More SD Card issues
Chris Johns
chrisj at rtems.org
Thu Oct 16 01:52:07 UTC 2008
Robert S. Grimes wrote:
> The SD card driver seems to be working pretty well. A simple test where
> I write one megabyte of data in 256 byte chunks takes about 57 seconds,
> for ~18.5 kilobytes/second to disk This seems pretty reasonable, as the
> data sheet says the "Block Write Access Time" for "Binary Products" is
> 24 milliseconds typical, 250 milliseconds max; using the 24 ms for 512
> byte blocks, which translates to 21,333 kilobytes per second. Seem right?
>
Well done on getting your SD card up and running.
I can only comment on the performance side of things and it would seem fine
given the figure you provide. The write of a single file in this way is good
but a better test is to copy a groups of files. With the right cache setting I
would hope to see the same performance.
I did some analysis of the cache once I had completed my changes. I ran my
tests on a 300MHz Pentium Compact PC with 512M of RAM and a 4.3G Fujitsu
(MPD3043AT) disk. I formatted the disk using FreeDOS and then copied the
install directory from the CDROM to disk. I then used the shell in RTEMS to
make copies of the install directory in a tree layout until I had 26.176M of
data in 1215 files and 168 directories. One directory had 305 files so this
pushed the limits on the file system and the cache. The RTEMS shell copy
command is the BSD shell copy command and it does a couple of stats on the
directory for a file that is not present and so all 305 entries needed to be
checked. The table shows the results for various cache sizes:
Buffers RA WB Time (secs) Rate (KB/sec) Files/sec
Default 64 32 16 495 52.862 2.45
512 32 16 140 186.907 8.68
512 64 32 130 201.284 9.35
1024 64 32 105 249.209 11.57
Buffers = number of buffers in the pool (512 bytes)

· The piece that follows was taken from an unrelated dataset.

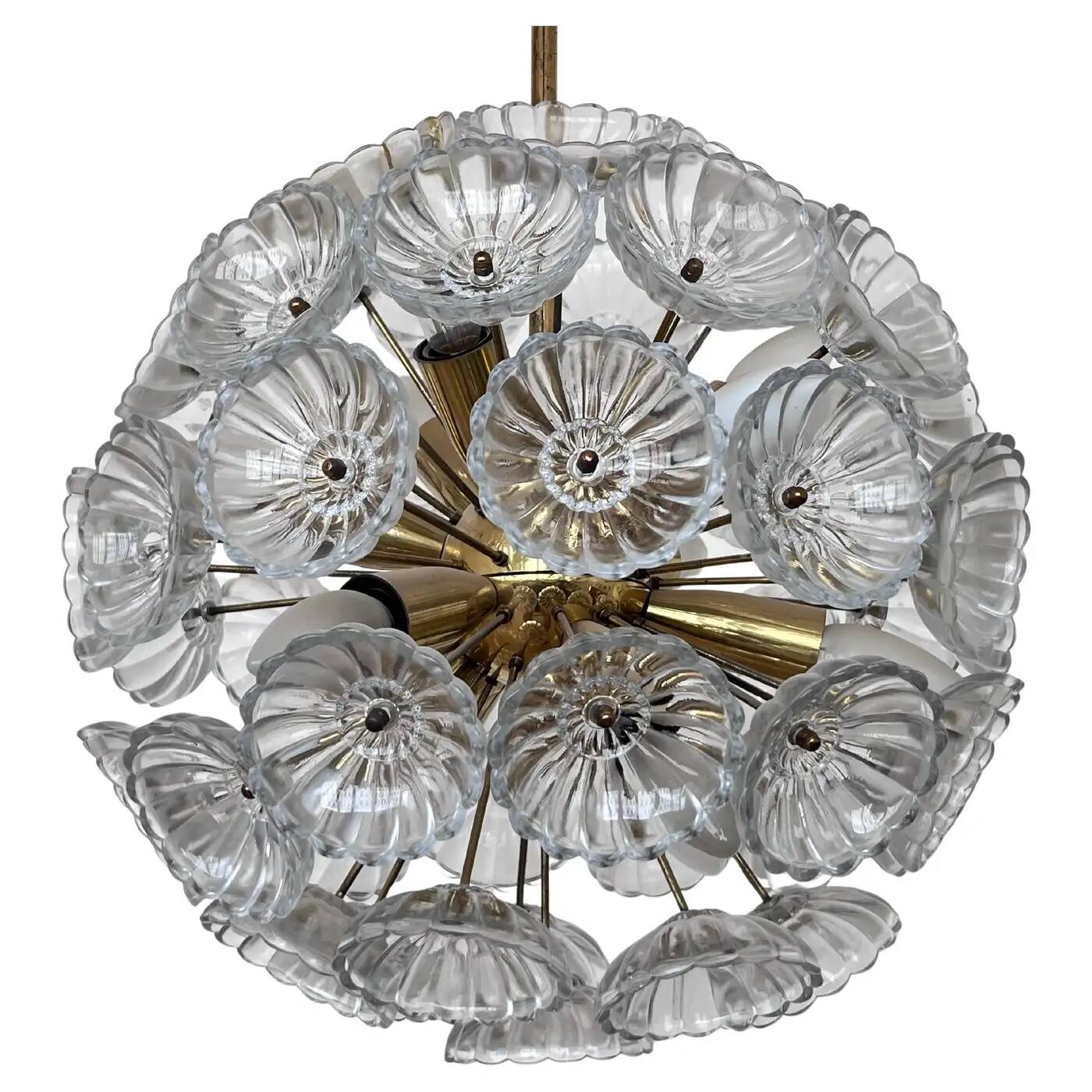 Magnifique réplique de Spoutnik en laiton et verre, inspirée de l'ère spatiale, signée Dandelion, années 1960 / Allemagne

RA = number of read-ahead buffers
WB = number of write-back buffers
The data rate is half the actual rate on the bus because we had to read this
data into memory then write it out. The 512K cache did help. An interesting
thing was the sound of the disk for each of these settings. The default was
bashing the disk and lots of noise. The last set of values was quiet and the
disk did not sound under any stress.
A look at the shell's cpuuse command showed 80% of the time was spent in the
ATA task, 8% in the file system and copy code and 12% in idle. That idle time
is interesting and I am not sure why it was there. For this type of disk the
ATA driver is where the effort would need to be spent to improve performance.